The material may be one which can be rendered porous by curing and which is rendered porous by the subsequent cure.
The material may comprise a SiCo:H-type material, which may be applied using a CVD technique. Examples of such materials are ORION® or low-k FLOWFILL®, as referred to below. These materials are relatively easy to deposit and can usually be cured by the appropriate application of plasma in the CVD tool, as indicated below. The applied CVD-technique may be chosen from P-CVD, LT-CVD, AP-CVD and RT-CVD.
The step of partially curing the material may be performed in a CVD tool and the following process conditions may be used:
H2-FIoW = 10 to 10,000sccm, process chamber pressure = 1 to lOTorr, RF power = 1OW to 1OkW, RF frequency = 100KHz to 100MHz, platen temperature = 300 to 600°C, electrode spacing is 5 to 500mm and plasma time = 1 second to 3 minutes. In a particularly preferred embodiment the process conditions may be: - H2-FlOW = 1600sccm, process chamber pressure = 4 Torr, RF power = 2kW,
RF frequency = 13.56MHz, platen temperature = 400°C, electrode spacing is 20mm and plasma time = 15 seconds.
Where a recess or formation is formed, a barrier layer may be applied at least to the sidewalls of the recess or formation, and where such a recess or formation is filled, a capping layer may be applied at least onto the conductive material.
These and other aspects of the method according to the invention will be further elucidated and described with reference to the drawings, in which: Figs. 1 - 10 illustrate a semiconductor device in different stages of the method according to the invention;
Fig. 11 illustrates a first embodiment of the semiconductor device according to the invention;
Fig. 12 illustrates a second embodiment of the semiconductor device according to the invention.
In relation to the appended drawings, embodiments of the present invention are described in detail later on. However, it will be apparent that a person skilled in the art can imagine several other equivalent embodiments (or combine the embodiments explicitly given in this specification) or other ways of executing the present invention, the spirit and scope of the present invention being limited only by the terms of the appended claims.
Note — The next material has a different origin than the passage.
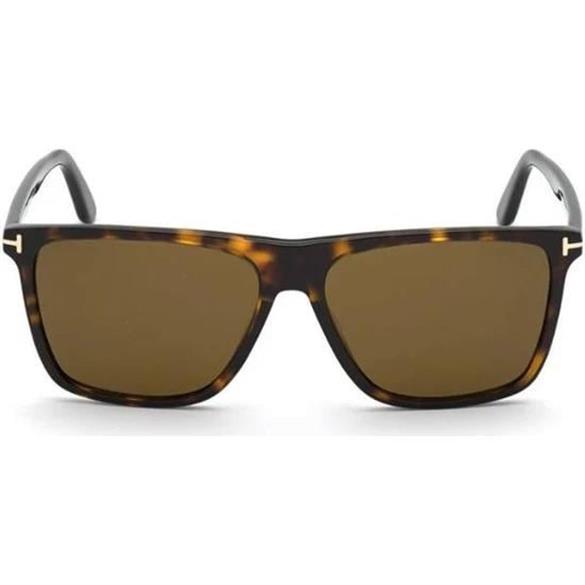 TOM FORD  TF832 52H 57-15  Güneş Gözlüğü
All drawings are intended to illustrate some aspects and embodiments of the present invention. Most aspects are presented in a simplified way for reason of clarity. Not all alternatives and options are shown and, therefore, the invention is not limited to the content of the given drawings.
Fig. 1 illustrates a semiconductor device in a preliminary stage of one embodiment of the invention. In this stage the semiconductor device comprises a substrate 10, which substrate 10 is covered with a precursor layer 20 having a surface 25. The material
of layer 20 is of the type which has a low dielectric constant (low-k) when cured. In its precursor, or uncured, form it will often have a high k. The term "low-k" refers to dielectric constant or k- values preferably below 3.0. The substrate 10 may comprise a wafer with active devices (e.g. transistors, diodes, etc), and/or also other layers, which in turn may comprise conductor structures (e.g. interconnections, contacts and vias). The wafer may comprise silicon, germanium, strained-silicon, buried oxide layers, glass and the like. The low-k precursor layer 20 may be applied using Chemical Vapor Deposition (CVD) techniques such as PE-CVD, LT-CVD, AP-CVD and RT-CVD. PE-CVD stands for Plasma-Enhanced CVD. LT-CVD stands for Low-Temperature CVD. AP-CVD stands for Atmospheric-Pressure CVD. RT-CVD stands for Rapid-Temperature CVD. It must be noted that different companies may use different designations for the various types of CVD-techniques. Also, there may be more CVD-variants which can suitably be used in the deposition of the low-k precursor material. The low-k precursor material 20 is applied in a non-cured, or only partially cured, state and, in particular, is not porous. Fig. 2 illustrates a semiconductor device in a further stage of the method. In this stage a partial curing step is performed in which, near the surface 25, a dense layer 30 is formed out of the low-k precursor layer 20. This layer does not chemically interact with photoresist and may be a barrier between layer 20 beneath it and the photoresist. Furthermore, it etches more slowly than the precursor material 20 beneath it and thereby can act as a protective layer 30. In one embodiment these characteristics result from a carbon and/or nitrogen depletion as a result of a hydrogen plasma treatment.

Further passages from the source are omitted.